Figure 11: Total Ankle Arthroplasty
Subtalar arthrodesis: Fusion of the subtalar joint (Figure 12) is the best treatment for subtalar arthritis that has failed non-operative treatment. This procedure involves removing the joint cartilage and subchondral bone and attaching the two sides of the subtalar joint with screws or staples. If the two surfaces of the joint do not fully oppose each other then bone graft, either autograft or allograft may be used to fill the void and promote fusion. Again, the tradeoff inherent in any fusion procedure (loss of pain at the price of loss of motion) applies here as well. The procedure can be extended to include the talo-navicular and calcaneo-cubiod joints This is called a "triple arthrodesis.” It is most commonly used to correct deformity within the hindfoot.
Figure 12: X-ray of Subtalar Arthrodesis (Subtalar Fusion).
Debridement and microfracture: This is the most common approach for treating small (<1.5cm in diameter) talar OCLS. The unstable cartilage is arthroscopically trimmed back and then the bony base is cracked with a pick or drill ("microfractured") to stimulate bleeding and subsequent formation of a fibrin clot.

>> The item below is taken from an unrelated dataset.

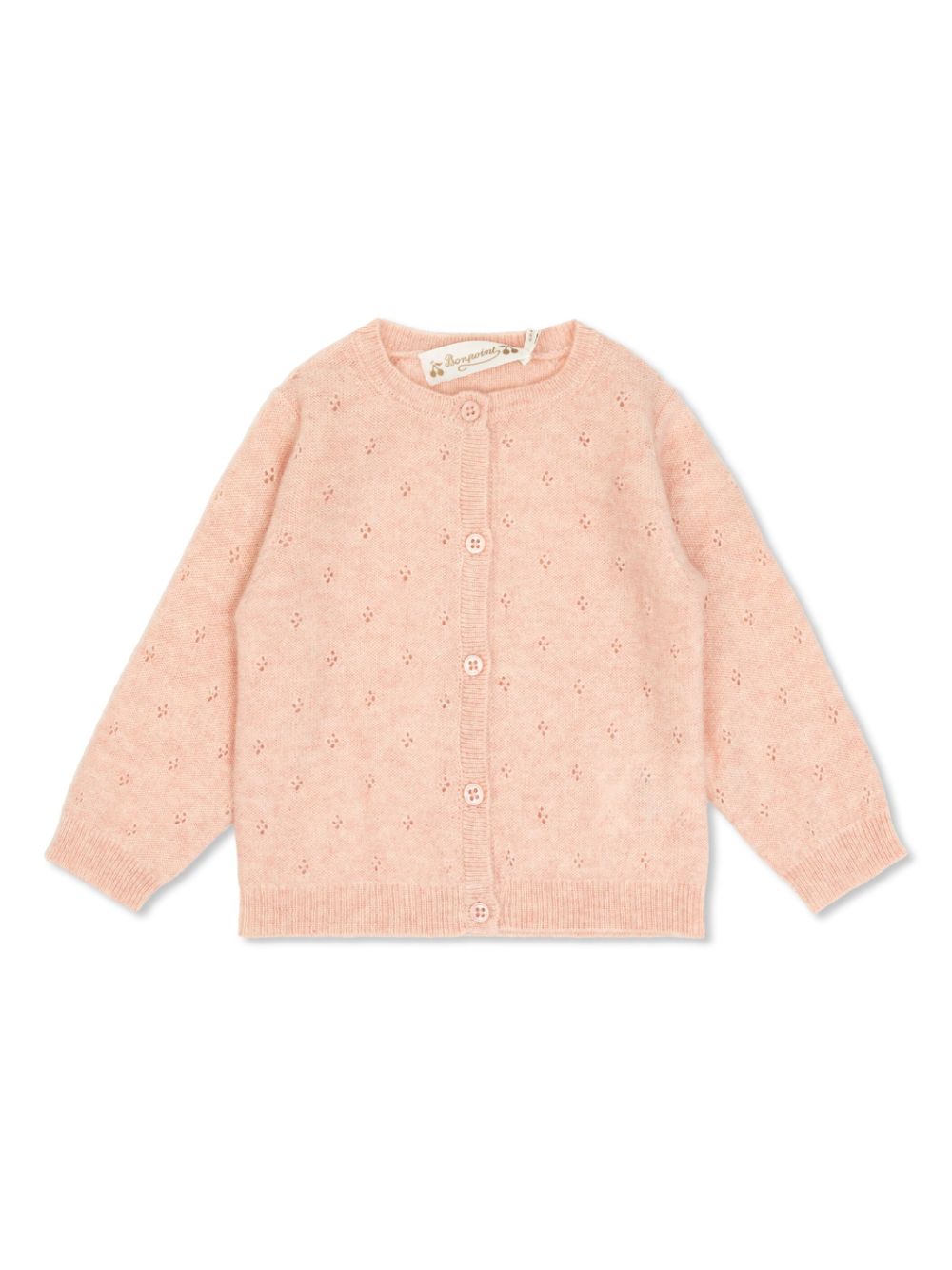 Bonpoint Teyana cardigan - Pink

The fibrin clot that fills the defect undergoes transformation into fibrocartilage (type I cartilage). It is successful in about 90% of cases in which the OLT lesion is less than <15mm. If the articular surface is intact, yet there is a lesion right below it, drilling the talus from distal to proximal, up to, but not through, the articular surface (so called "retrograde drilling") may be used.
Transplantation of osteochondral tissue: Several transplantation techniques exist to replace lost articular cartilage including osteochondral autograft or allograft transplantation (OATS) and autologous chondrocyte implantation (ACI). These procedures are usually reserved for lesions that have failed debridement and micro fracture, or for larger lesions.

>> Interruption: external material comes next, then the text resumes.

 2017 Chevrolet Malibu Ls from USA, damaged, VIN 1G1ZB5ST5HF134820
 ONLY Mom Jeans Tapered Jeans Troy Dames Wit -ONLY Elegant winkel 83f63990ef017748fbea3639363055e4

During the OATS procedures, cylinders of cartilage and underlying bone are harvested from the femoral condyle or trochlea and placed within the lesion (not unlike hair plugs). The ACI procedure comprises harvesting autologous chondrocytes, expanding them in a laboratory culture and then re-implanting this larger mass of cells into the lesion, covered by a periosteal patch or collagen matrix.
Risk factors and prevention
Since ankle and hindfoot arthrosis are normally caused by trauma, risk factors are the same as those for ankle and hindfoot injuries including fractures, recurrent ankle sprains, and malalignment. Sports like soccer, football, and basketball have an increased risk of these injuries and therefore have an increased risk of arthrosis.
Some congenital deformities of the foot (e.g. clubfoot) place the patient at increased risk for ankle and hindfoot arthrosis.
Aviator’s astragalus is an old term referring to a displaced talar neck fracture with associated compression fractures of the talus - a pattern of injury seen in World War I aviators who crashed their planes. This term is now only a historical curiosity. These fractures, if displaced have a high rate of osteonecrosis which often leads to either tibiotalar or subtalar arthritis or both.
Osteoarthritis, Ankle arthritis, subtalar arthritis, Osteochondritis dissecans, Talar osteochondral lesions, Loose body, Talar dome lesion, Ankle arthrodesis, Ankle arthroplasty, Aviator’s astragalus
Examine the ankle and hindfoot for tenderness, deformity, and instability. Differentiate ankle and hindfoot arthrosis from other types of arthritis based on history, physical exam, imaging, and other diagnostic testing. Localize arthrosis to the talocrural or subtalar joint.